Recreate update strategy in Kubernetes - Time & Space Complexity
We want to understand how the time to update pods grows when using the Recreate update strategy in Kubernetes.
How does the number of pods affect the update duration?
Analyze the time complexity of this Kubernetes deployment update snippet using Recreate strategy.
apiVersion: apps/v1
kind: Deployment
metadata:
name: example-deployment
spec:
replicas: 5
strategy:
type: Recreate
template:
metadata:
labels:
app: example
spec:
containers:
- name: example-container
image: example-image:v2
This deployment updates all pods by deleting old ones first, then creating new pods all at once.
Identify the loops, recursion, array traversals that repeat.
- Primary operation: Deleting all pods first, then creating all new pods.
- How many times: Once for each pod in the deployment (equal to the number of replicas).
As the number of pods increases, the total update time grows proportionally because pods are handled sequentially (all old pods deleted first, then all new pods created).

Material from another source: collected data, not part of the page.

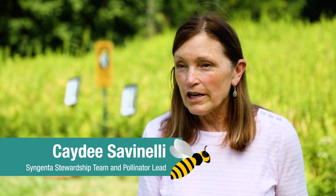Pollinators are really important because they pollinate the foods that we eat. A lot of the foods that we really enjoy are vegetables and fruits, and without them our diet would be pretty bland — you'd mainly be eating pasta and bread every day.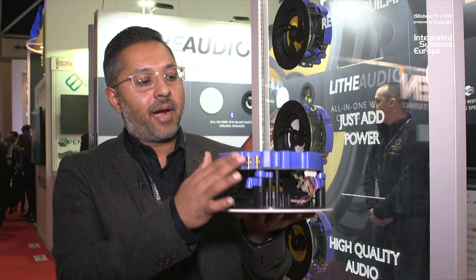Each one can actually power one additional passive speaker, so you can potentially have up to 60 speakers running fully wirelessly. You can zone them off with different music in different rooms.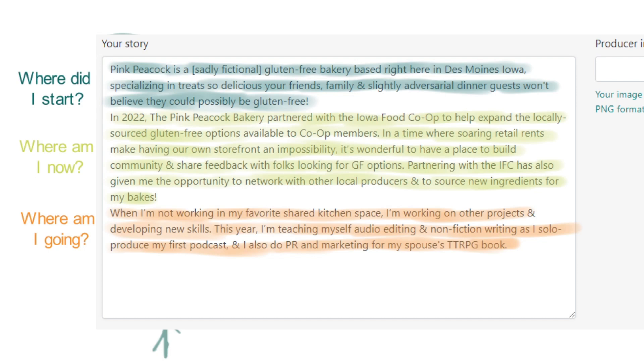For 'Where am I now': In 2022, the Pink Peacock Bakery partnered with the Iowa Food Co-op to help expand the locally sourced gluten-free options available to co-op members. In a time where soaring retail rents make having our own storefront an impossibility, it's wonderful to have a place to build community and share feedback with folks looking for gluten-free options. Partnering with the IFC has also given me the opportunity to network with other local producers and to source new ingredients for my bakes.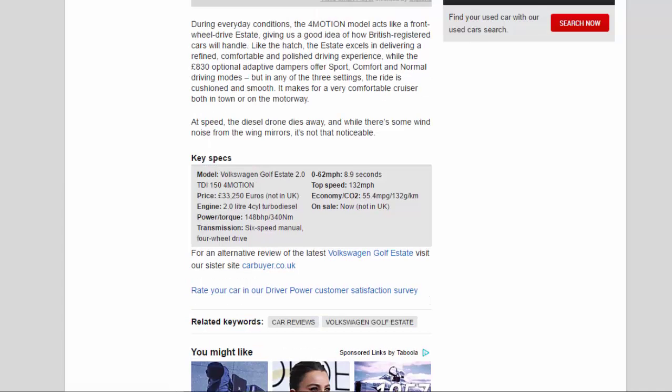Key specs — Model: Volkswagen Golf Estate 2.0 TDI 154 4Motion. Price: £33,250 (not available in UK). Engine: 2.0-litre 4-cylinder turbo diesel. Power/torque: 148 bhp / 340 Nm. Transmission: six-speed manual, four-wheel drive. 0–62 mph: 8.9 seconds. Top speed: 132 mph. Economy/CO2: 55.4 mpg / 132 g/km. On sale now — not in UK.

| Input Size (n) | Approx. Operations |
|---|---|
| 10 | 10 pod deletions and 10 pod creations sequentially |
| 100 | 100 pod deletions and 100 pod creations sequentially |
| 1000 | 1000 pod deletions and 1000 pod creations sequentially |
Pattern observation: The update time grows linearly as the number of pods increases.
Time Complexity: O(n)
This means the update time grows directly in proportion to the number of pods being updated.
[X] Wrong: "The update happens all at once, so time stays the same no matter how many pods there are."
[OK] Correct: With Recreate strategy, pods are updated sequentially, so more pods mean more time.
Understanding how update strategies affect time helps you explain deployment behaviors clearly and shows you grasp practical Kubernetes operations.
What if we changed the update strategy to RollingUpdate? How would the time complexity change?